Bitcoin reached an all-time high of $99,830 on November 22, but has since fallen over 8%, dropping to $91,377.32 on Tuesday, hitting a new low for the week.

So far this year, this most famous cryptocurrency has soared 120%, rising about 34% this month, which is linked to Trump’s election as President of the United States and a surge of pro-cryptocurrency lawmakers in Congress. Trump supported digital assets in his campaign, promising to make the U.S. the 'global cryptocurrency capital' and accumulate national Bitcoin reserves.

Nick Forster, founder of the decentralized options protocol Derive with a total trading volume of $7.1 billion, commented via email on Tuesday that the so-called bullish-bearish skew index for Bitcoin options expiring on December 27 has dropped significantly by 30% in the past 24 hours as market participants shifted to more protective strategies.

Bullish-Bearish skew reflects market sentiment, indicating the difference in implied volatility between call options and put options. Although it has declined, this index still shows that there are more bullish options than bearish options in the market.

Forster stated, "This indicates that traders are beginning to hedge against potential downside risks, which may be a response to a significant drop in Bitcoin. However, such pullbacks are not uncommon in a bull market."

Investors are focusing on December 27, when $11.8 billion worth of Bitcoin options will expire, which could trigger significant price fluctuations in either direction.

According to Forster, the probability of Bitcoin falling 16.03% to $81,493 or rising 19.9% to $115,579 by December 27 is 68%. However, the probability of Bitcoin experiencing larger fluctuations (falling 29.49% to $68,429 or rising 41.83% to $137,645) is lower, around 5%.

Data from Derive also shows that the probability of Bitcoin reaching $100,000 has risen from 34% last week to 45%, while the probability of exceeding $150,000 is 4%.
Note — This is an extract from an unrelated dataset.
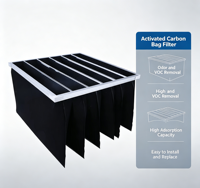 Élément filtrant à charbon actif à poches moyennes haute efficacité F5 F7 F9 pour système de ventilation industriel HVAC AHU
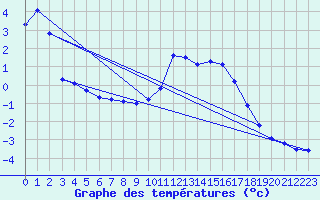 Courbe de tempratures pour Xonrupt-Longemer (88)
Forster also noted that Bitcoin's volatility has remained stable over the past seven days, with an implied volatility of 63% for the next seven days and 55% for 30 days, "This close consistency indicates that the market expects significant volatility to occur soon."
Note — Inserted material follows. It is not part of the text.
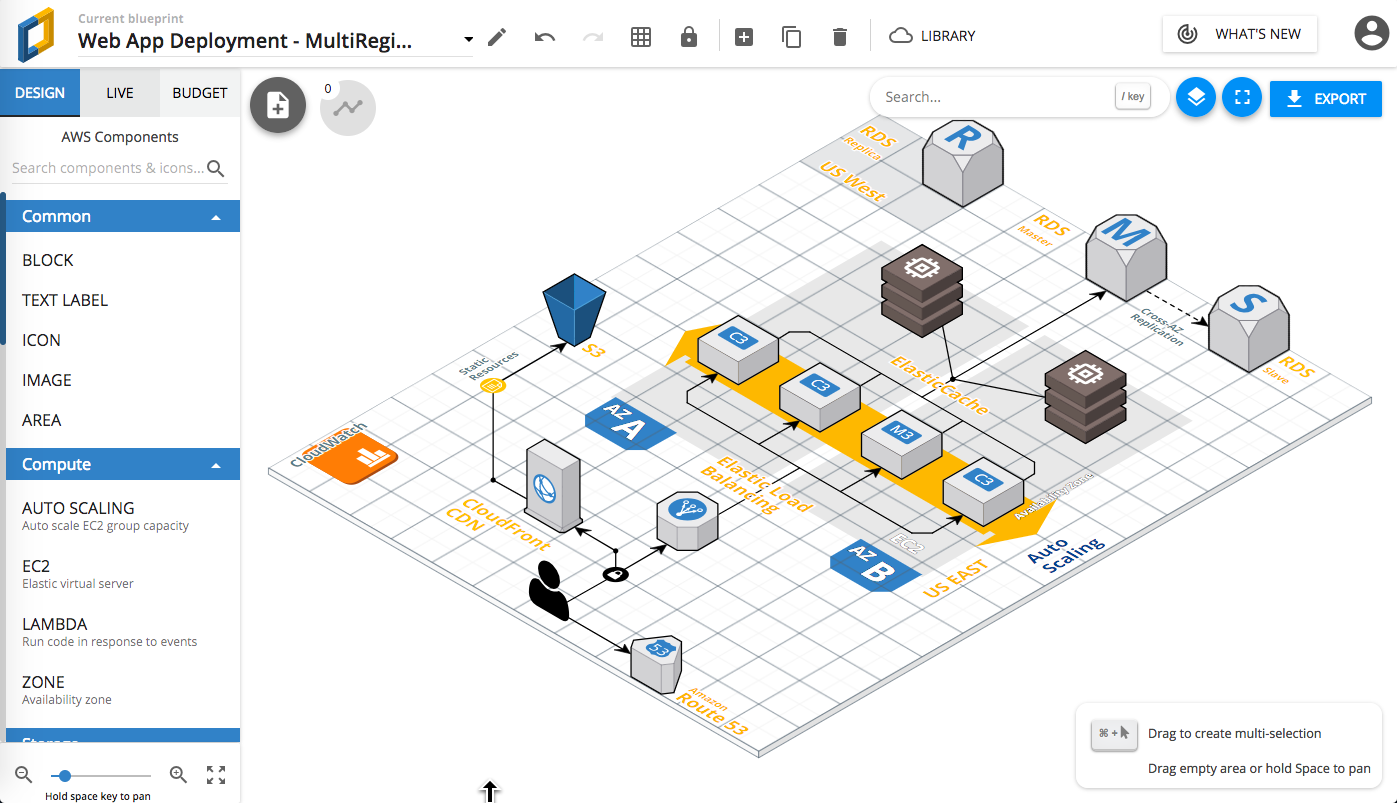 How to Visualize Your Cloud deployments - Cloudcraft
Bitcoin has currently retreated from its highs, and one of the reasons cited by market participants for the price drop is profit-taking.

Anthony Pompliano, founder and CEO of Professional Capital Management, noted in a letter to clients on Tuesday that long-term holders have sold $60 billion worth of Bitcoin in the past 30 days.

Since the FTX collapse two years ago, which led Bitcoin to a low of $15,479, 21% of the Bitcoin sold by long-term holders occurred in November, reportedly marking the most severe profit-taking of this cycle to date.